**Work item:**
In the records below, find the line holding "Spacious living room" and the line holding "Vintage wooden Traveler". Set down both, with every line between them, exactly.

**Input data:**

----

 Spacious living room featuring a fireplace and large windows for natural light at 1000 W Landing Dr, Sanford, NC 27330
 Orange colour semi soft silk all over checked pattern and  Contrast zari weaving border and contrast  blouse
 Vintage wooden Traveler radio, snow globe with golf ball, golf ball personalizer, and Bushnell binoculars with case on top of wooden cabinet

----

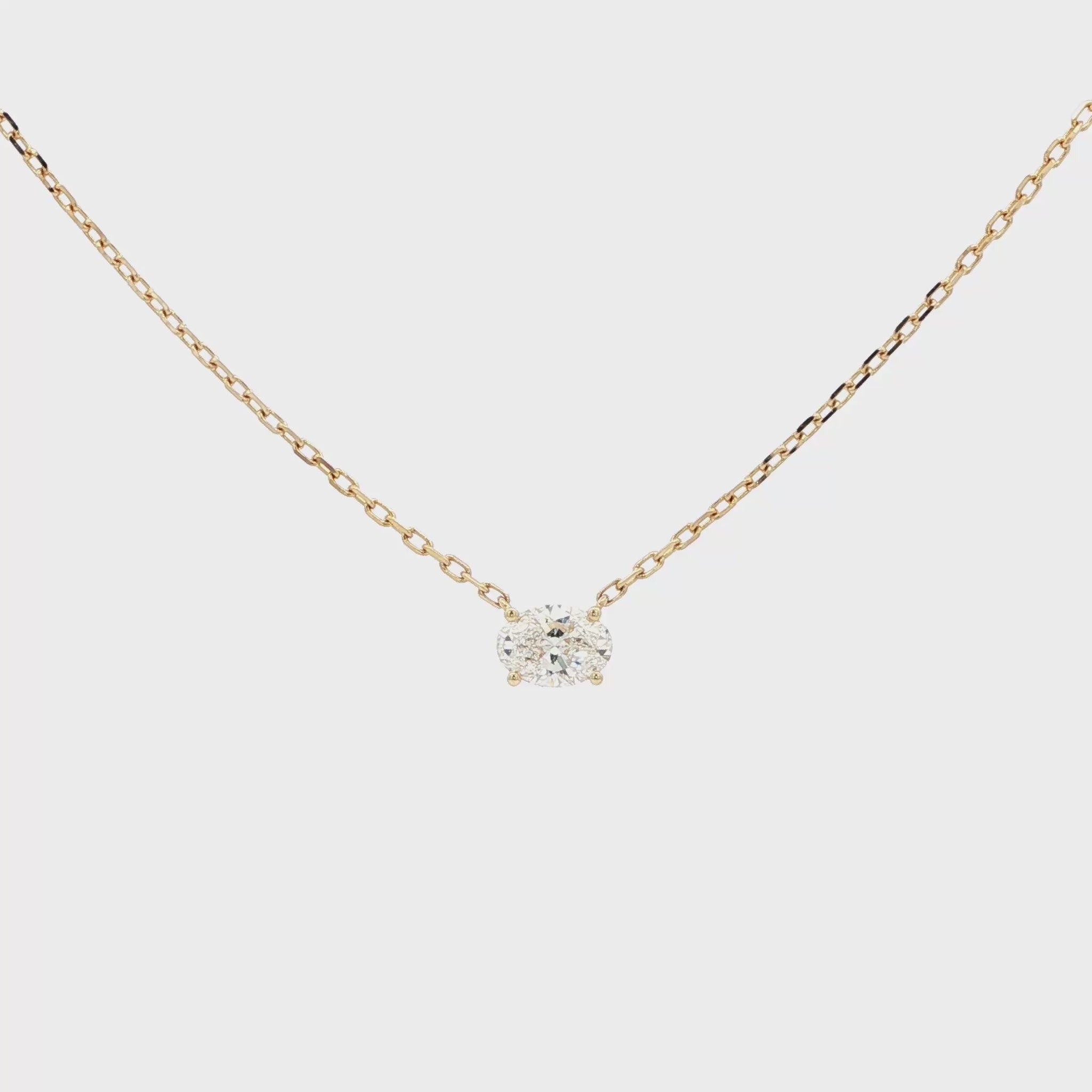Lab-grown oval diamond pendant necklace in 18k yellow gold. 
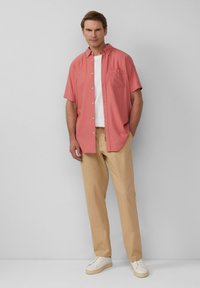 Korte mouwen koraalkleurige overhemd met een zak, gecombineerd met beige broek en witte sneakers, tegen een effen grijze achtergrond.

----

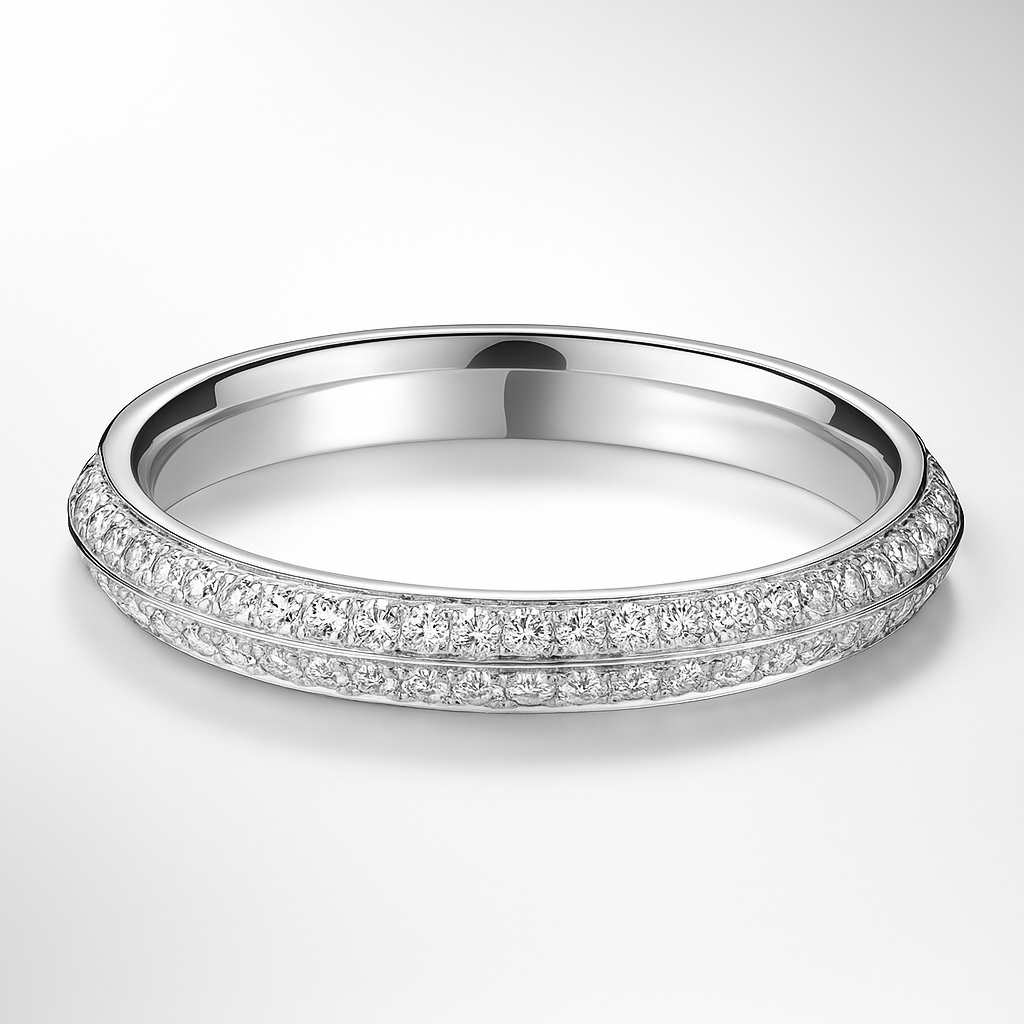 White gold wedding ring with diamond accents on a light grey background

----

**Answer for this exercise:**
 Spacious living room featuring a fireplace and large windows for natural light at 1000 W Landing Dr, Sanford, NC 27330
 Orange colour semi soft silk all over checked pattern and  Contrast zari weaving border and contrast  blouse
 Vintage wooden Traveler radio, snow globe with golf ball, golf ball personalizer, and Bushnell binoculars with case on top of wooden cabinet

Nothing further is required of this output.